Analogamente, il CESE condivide la decisione di consentire, a determinate condizioni, che i ricorsi collettivi siano finanziati da terzi. Le condizioni poste a tal fine dalla Commissione, come ad esempio la trasparenza riguardo all'origine dei mezzi finanziari, sono appropriate e idonee a scongiurare l'abuso dei ricorsi collettivi.

Bruxelles, 10 dicembre 2013

Il presidente del Comitato economico e sociale europeo

Henri MALOSSE


(1)  COM(2010) 135 final del 31.3.2010.

(2)  Principi comuni per i meccanismi di ricorso collettivo di natura inibitoria e risarcitoria negli Stati membri che riguardano violazioni di diritti conferiti dalle norme dell’Unione (GU L 201 del 26.7.2013, pag. 60).

(3)  In proposito si vedano GU C 162 del 25.6.2008, pag. 1; GU C 128 del 18.5.2010, pag. 97); GU C 181 del 21.6.2012, pag. 89).

(4)  Cfr. in proposito GU C 162 del 25.6.2008, cit., punti 3.6 ss. e 7 ss., e GU C 128 del 18.5.2010, cit..

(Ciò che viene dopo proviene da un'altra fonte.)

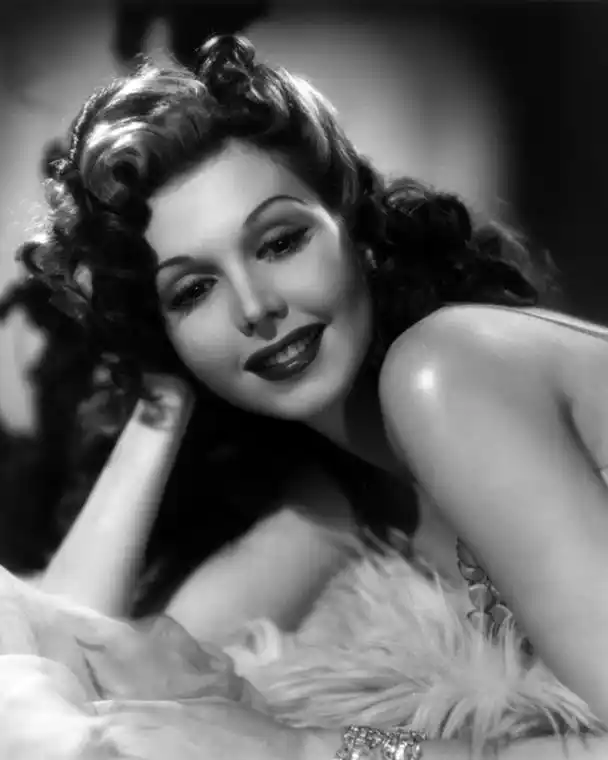 老照片:上世纪30-40年代那些惊艳了时光的好莱坞美女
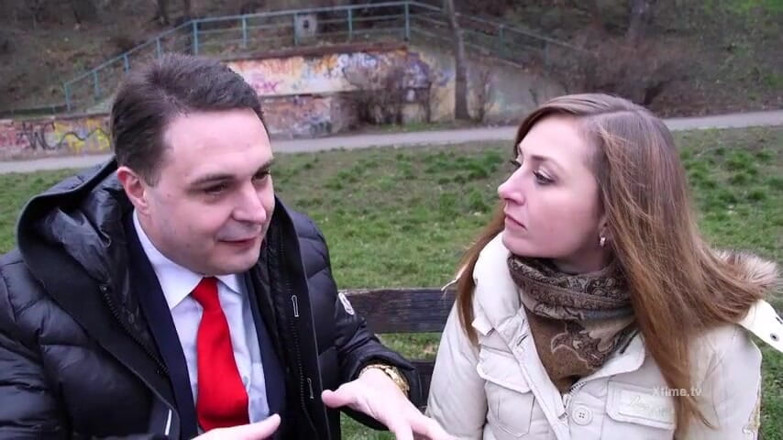 Andrea Dipre Channel: Mamada en un parque para el rey del trash porno...
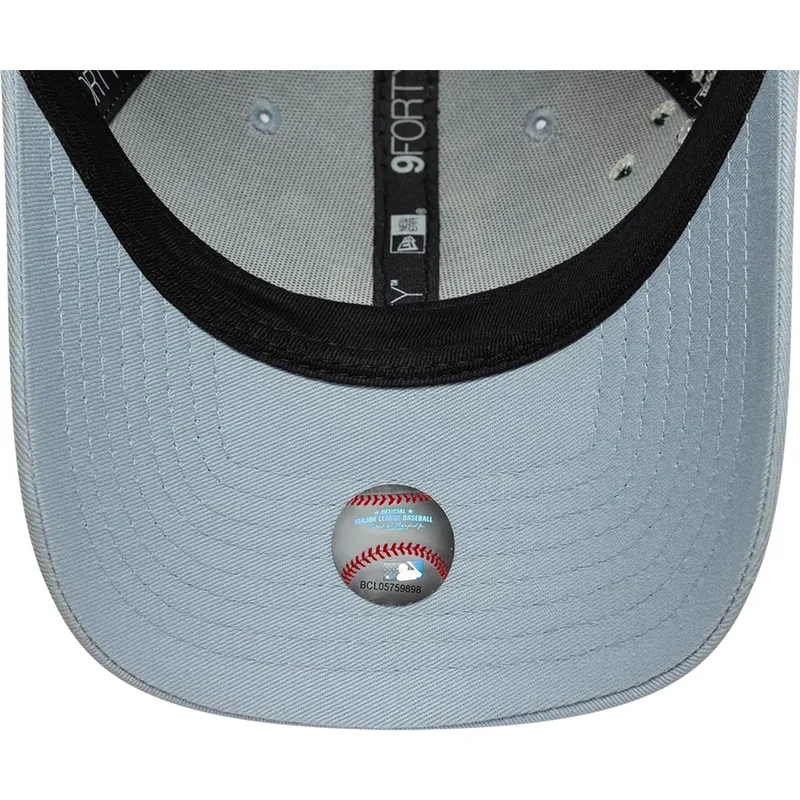 bla-justerbar-buet-kasket-til-kvinder-9forty-floral-icon-fra-los-angeles-dodgers-mlb-fra-new-era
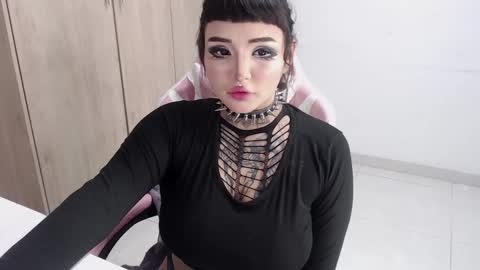 Snapshot of morganmoon1 chatting on 02/25/25, 05:41 Morgan Moon online show from 02/25/25, 05:41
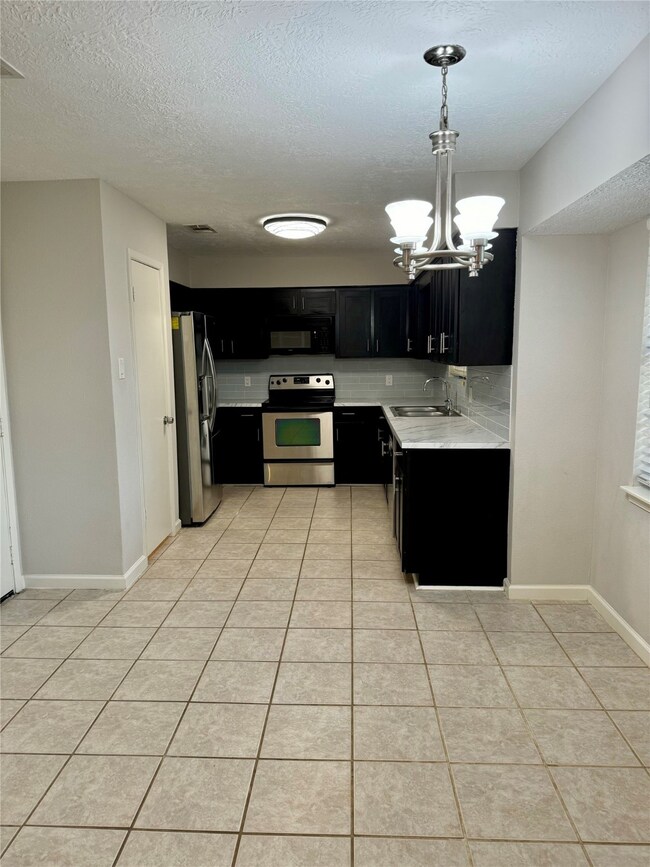 4226 Townes Forest Rd, Friendswood, TX 77546 - photo 4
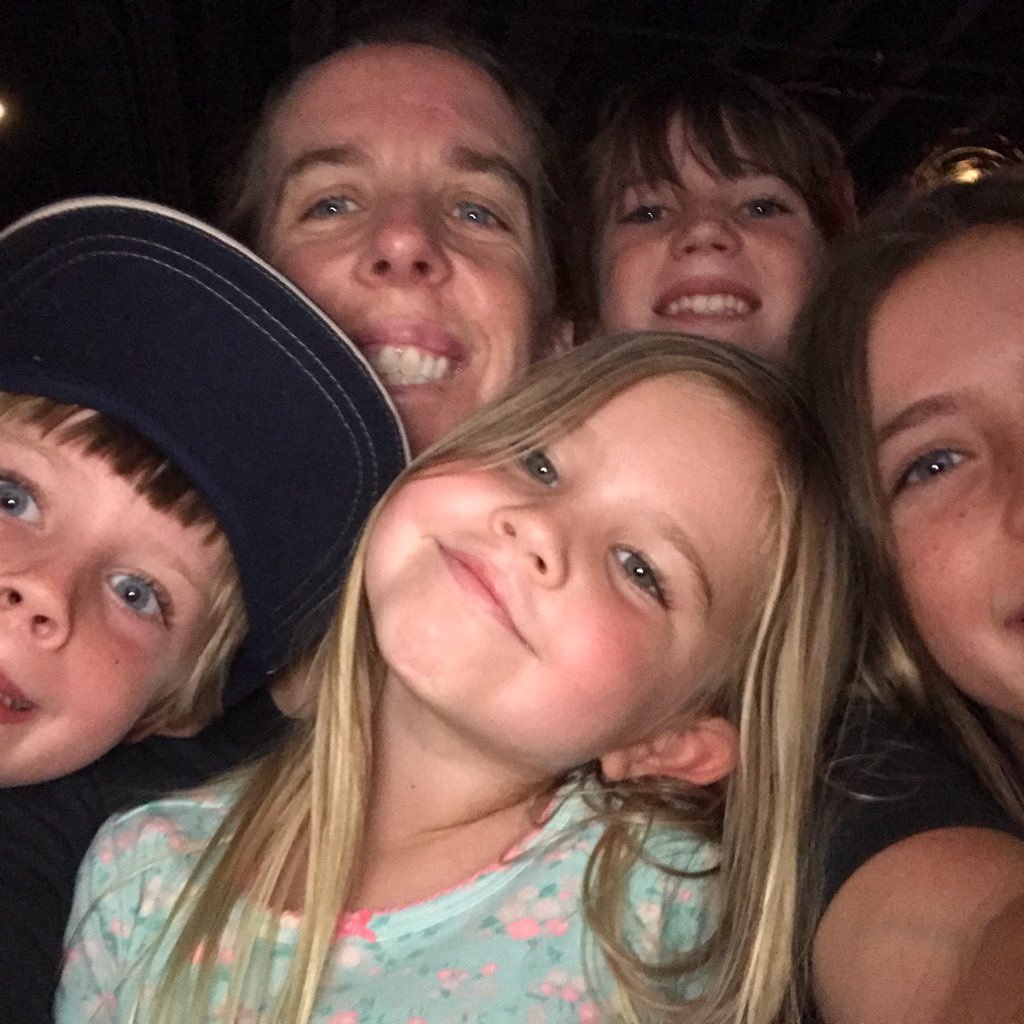Mom of 4, middle school principal, seeker of balance between high student achievement and teacher sanity.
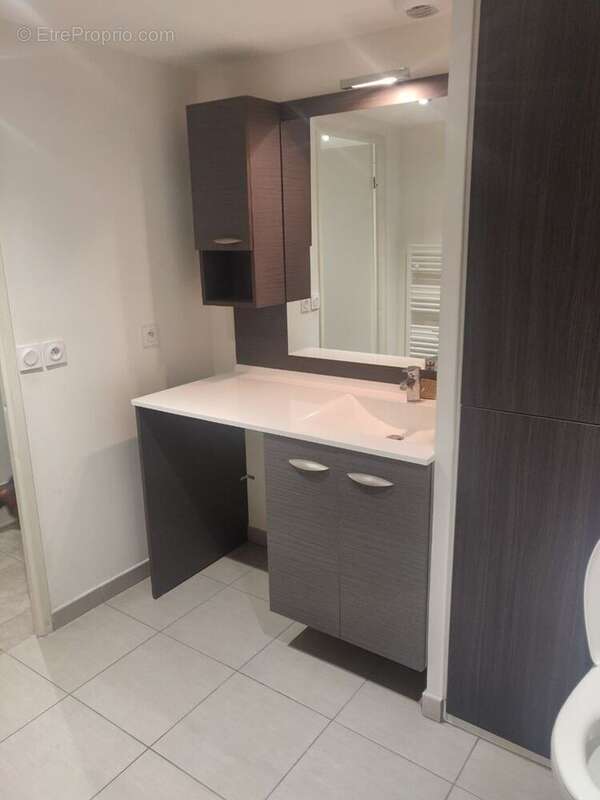 Appartement à CAILLOUX-SUR-FONTAINES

(5)  COM(2013) 404 final dell'11.6.2013.

(6)  GU C 162 del 25.6.2008, cit., punto 8.1.

(7)  GU C 228 del 22.9.2009, pag. 40, punto 4.2.1.

(8)  Sul punto cfr. la nota 10 della comunicazione della Commissione COM(2013) 401 final dell'11.6.2013.

(9)  GU C 162 del 25.6.2008, cit., punto 7.1.2, e GU C 128 del 18.5.2010, cit., punto 5.2.3.

(10)  GU C 162 del 25.6.2008, cit., punto 7.1.2, e GU C 128 del 18.5.2010, cit., punto 5.2.3.

(11)  GU C 162 del 25.6.2008, cit., punto 7.3 ss., e GU C 128 del 18.5.2010, cit., punto 5.2.3.

(12)  GU C 128 del 18.5.2010, cit., punto 5.2.3.

(13)  GU C 228 del 22.9.2009, cit., punto 4.8.4.

(14)  GU C 162 del 25.6.2008, cit., punto 7.2 ss.

(15)  GU C 162 del 25.6.2008, cit., punto 7.2.3.1, GU C 128 del 18.5.2010, cit., punto 5.2.3, e GU C 228 del 22.9.2009, cit., punti 4.4.1 e 4.4.2.

(16)  GU C 128 del 18.5.2010, cit., punto 5.2.3.

(17)  GU C 162 del 25.6.2008, cit., punto 7.2.3.1, GU C 128 del 18.5.2010, cit., punto 5.2.3, e GU C 228 del 22.9.2009, cit., punti 4.4.1 e 4.4.2.

(18)  La Commissione dovrebbe, anche in questo caso, chiarire quando e a quali condizioni il sistema opt-out è compatibile con il principio del contraddittorio, sancito negli articoli 41, paragrafo 2, e 47, secondo comma, della Carta dei diritti fondamentali dell'Unione europea. Ciò è particolarmente importante per gli Stati membri — come ad esempio la Germania — in cui tale diritto è tutelato dalla Costituzione.

(19)  GU C 228 del 22.9.2009, cit., punto 4.8.5.

(20)  GU C 128 del 18.5.2010, cit., punto 5.3.5.

(21)  GU C 181 del 21.6.2012, pag. 93.

(22)  GU C 228 del 22.9.2009, cit., punto 3.6.1.